Reproduce word for word the lines between those holding "En Cali comenzó" and "bästa restauranger Göteborg - huvudfoto", inclusive, and nothing else from the data below.

Content starts

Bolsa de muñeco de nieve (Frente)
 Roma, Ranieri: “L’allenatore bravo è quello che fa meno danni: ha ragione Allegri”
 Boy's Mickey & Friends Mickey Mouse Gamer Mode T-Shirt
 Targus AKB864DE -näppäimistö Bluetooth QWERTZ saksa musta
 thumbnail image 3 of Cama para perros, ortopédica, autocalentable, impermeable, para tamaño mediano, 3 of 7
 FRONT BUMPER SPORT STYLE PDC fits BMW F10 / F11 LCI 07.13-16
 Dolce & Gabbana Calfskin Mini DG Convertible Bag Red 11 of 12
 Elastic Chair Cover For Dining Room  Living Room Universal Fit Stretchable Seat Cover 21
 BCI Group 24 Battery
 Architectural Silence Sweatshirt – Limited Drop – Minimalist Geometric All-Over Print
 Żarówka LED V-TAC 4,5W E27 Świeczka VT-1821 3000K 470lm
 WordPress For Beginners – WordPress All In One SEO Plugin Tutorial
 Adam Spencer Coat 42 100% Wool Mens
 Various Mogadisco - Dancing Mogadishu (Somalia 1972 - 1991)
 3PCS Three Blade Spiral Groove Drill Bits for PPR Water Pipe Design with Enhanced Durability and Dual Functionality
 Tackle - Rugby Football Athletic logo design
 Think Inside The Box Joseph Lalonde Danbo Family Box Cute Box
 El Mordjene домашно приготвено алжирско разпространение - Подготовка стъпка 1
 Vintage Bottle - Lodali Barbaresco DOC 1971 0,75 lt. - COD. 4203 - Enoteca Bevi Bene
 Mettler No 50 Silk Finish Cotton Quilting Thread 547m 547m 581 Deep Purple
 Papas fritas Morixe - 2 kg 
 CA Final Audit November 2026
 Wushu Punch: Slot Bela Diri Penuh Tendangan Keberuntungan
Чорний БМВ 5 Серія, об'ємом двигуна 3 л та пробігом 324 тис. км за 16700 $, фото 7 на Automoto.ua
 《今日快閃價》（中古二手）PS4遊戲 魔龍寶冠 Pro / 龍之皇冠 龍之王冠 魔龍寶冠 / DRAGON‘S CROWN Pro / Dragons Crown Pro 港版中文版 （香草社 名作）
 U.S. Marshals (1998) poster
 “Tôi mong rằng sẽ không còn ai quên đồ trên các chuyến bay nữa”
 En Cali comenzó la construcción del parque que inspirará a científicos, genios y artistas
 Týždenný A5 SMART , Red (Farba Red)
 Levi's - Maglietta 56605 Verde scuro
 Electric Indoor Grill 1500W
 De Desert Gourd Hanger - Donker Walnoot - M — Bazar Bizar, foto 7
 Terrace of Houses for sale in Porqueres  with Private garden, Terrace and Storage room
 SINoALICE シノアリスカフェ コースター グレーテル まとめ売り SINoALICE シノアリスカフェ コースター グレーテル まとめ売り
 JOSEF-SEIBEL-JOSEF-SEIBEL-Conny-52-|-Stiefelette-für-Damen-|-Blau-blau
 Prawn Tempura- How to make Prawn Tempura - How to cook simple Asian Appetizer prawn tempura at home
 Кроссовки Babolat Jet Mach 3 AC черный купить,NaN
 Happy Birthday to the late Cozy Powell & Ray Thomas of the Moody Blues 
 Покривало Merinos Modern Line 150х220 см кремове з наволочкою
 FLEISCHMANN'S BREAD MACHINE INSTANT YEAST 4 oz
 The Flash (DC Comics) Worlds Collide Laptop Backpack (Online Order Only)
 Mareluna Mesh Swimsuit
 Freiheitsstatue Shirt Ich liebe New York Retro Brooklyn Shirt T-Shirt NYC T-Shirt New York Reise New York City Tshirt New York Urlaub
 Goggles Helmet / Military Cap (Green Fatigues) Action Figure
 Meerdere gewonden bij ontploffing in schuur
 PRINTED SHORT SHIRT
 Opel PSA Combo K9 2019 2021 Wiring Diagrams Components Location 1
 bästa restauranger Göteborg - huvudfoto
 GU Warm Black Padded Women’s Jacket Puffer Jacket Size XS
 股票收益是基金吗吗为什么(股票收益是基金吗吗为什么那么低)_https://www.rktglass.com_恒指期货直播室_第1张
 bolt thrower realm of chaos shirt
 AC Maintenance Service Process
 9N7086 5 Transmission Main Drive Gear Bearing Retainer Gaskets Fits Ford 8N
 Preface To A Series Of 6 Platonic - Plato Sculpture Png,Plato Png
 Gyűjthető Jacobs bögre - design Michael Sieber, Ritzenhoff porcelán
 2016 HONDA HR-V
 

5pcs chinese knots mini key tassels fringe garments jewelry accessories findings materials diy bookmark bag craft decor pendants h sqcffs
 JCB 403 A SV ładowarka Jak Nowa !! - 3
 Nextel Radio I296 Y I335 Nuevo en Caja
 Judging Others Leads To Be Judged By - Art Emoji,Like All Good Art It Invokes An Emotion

Content ends

[Solution]
 En Cali comenzó la construcción del parque que inspirará a científicos, genios y artistas
 Týždenný A5 SMART , Red (Farba Red)
 Levi's - Maglietta 56605 Verde scuro
 Electric Indoor Grill 1500W
 De Desert Gourd Hanger - Donker Walnoot - M — Bazar Bizar, foto 7
 Terrace of Houses for sale in Porqueres  with Private garden, Terrace and Storage room
 SINoALICE シノアリスカフェ コースター グレーテル まとめ売り SINoALICE シノアリスカフェ コースター グレーテル まとめ売り
 JOSEF-SEIBEL-JOSEF-SEIBEL-Conny-52-|-Stiefelette-für-Damen-|-Blau-blau
 Prawn Tempura- How to make Prawn Tempura - How to cook simple Asian Appetizer prawn tempura at home
 Кроссовки Babolat Jet Mach 3 AC черный купить,NaN
 Happy Birthday to the late Cozy Powell & Ray Thomas of the Moody Blues 
 Покривало Merinos Modern Line 150х220 см кремове з наволочкою
 FLEISCHMANN'S BREAD MACHINE INSTANT YEAST 4 oz
 The Flash (DC Comics) Worlds Collide Laptop Backpack (Online Order Only)
 Mareluna Mesh Swimsuit
 Freiheitsstatue Shirt Ich liebe New York Retro Brooklyn Shirt T-Shirt NYC T-Shirt New York Reise New York City Tshirt New York Urlaub
 Goggles Helmet / Military Cap (Green Fatigues) Action Figure
 Meerdere gewonden bij ontploffing in schuur
 PRINTED SHORT SHIRT
 Opel PSA Combo K9 2019 2021 Wiring Diagrams Components Location 1
 bästa restauranger Göteborg - huvudfoto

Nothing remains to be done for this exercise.